I use Greenfoot for one of my programming courses and last year support was added so that you could use a Kinect with Greenfoot to write interactive programs. While my students were not quite at that level I thought I would peak their interest and see what they would think of using a Kinect in class. On a day before a break I brought in a Kinect and loaded the sample programs that Greenfoot provides (http://www.greenfoot.org/doc/kinect). I let all of my computer classes play with it with great results. They laughed, tried different things, and even created contests. This day did not involve any coding but they used their creativity and problem solving skills. Here are my two favorite results (you may have to look at the sample programs to fully understand what they are doing but I think you will get the gist):

1. There is a stick figure program that recognizes a person and then will allow you to "paint" on the screen. Students took this to a new level as a contest to see who could write the best word with the "paint". They even had a partner so when they had to stop writing to move their hand elsewhere the partner pushed the pause on Greenfoot and then pushed run when they were ready. For pictures, see:


2. There is another program that drops balls and when the Kinect recognizes a person you can hold your arms up and catch the balls. With this program the students changed the image so they could catch all kinds of things. One pair of students changed it to an image of a man and then using some umbrellas in my room played on the song 'It’s Raining Men'.

Click this link to see screen shots we took of a couple of the best words and the Raining Men.

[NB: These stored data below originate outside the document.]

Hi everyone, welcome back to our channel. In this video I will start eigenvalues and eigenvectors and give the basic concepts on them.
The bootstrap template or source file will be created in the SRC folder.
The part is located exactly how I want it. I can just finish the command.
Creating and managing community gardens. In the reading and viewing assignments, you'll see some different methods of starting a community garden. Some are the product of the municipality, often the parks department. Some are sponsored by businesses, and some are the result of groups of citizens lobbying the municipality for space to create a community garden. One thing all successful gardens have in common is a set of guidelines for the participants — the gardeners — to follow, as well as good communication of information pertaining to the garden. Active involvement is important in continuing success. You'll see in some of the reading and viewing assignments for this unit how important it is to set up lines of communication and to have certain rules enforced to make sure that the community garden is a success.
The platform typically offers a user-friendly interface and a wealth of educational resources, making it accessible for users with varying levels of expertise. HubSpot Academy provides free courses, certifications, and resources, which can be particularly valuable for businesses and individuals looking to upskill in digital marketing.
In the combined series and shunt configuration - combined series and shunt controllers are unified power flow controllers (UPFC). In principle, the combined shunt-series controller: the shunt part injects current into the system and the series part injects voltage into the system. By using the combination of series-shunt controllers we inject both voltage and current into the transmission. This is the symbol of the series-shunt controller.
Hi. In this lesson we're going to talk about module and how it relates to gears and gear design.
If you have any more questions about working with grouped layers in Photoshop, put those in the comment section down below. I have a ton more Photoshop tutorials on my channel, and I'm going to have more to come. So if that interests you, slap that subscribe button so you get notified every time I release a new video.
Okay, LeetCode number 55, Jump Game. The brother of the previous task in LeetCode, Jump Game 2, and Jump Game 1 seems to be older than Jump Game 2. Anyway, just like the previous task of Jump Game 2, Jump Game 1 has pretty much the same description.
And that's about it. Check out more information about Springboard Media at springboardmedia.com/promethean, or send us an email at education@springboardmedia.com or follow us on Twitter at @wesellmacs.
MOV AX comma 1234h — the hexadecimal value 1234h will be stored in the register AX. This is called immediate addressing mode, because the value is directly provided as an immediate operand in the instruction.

Letting the students try out technology and go where they want to go with it does get them excited and then they want to know more. They were looking at the code on their own and figuring out ways to change it to do what they wanted the programs to do. It was a great time of exploration and creativity. This is something I want to incorporate more in my classroom so that my students see the excitement of computer science and that they can do what they want with it.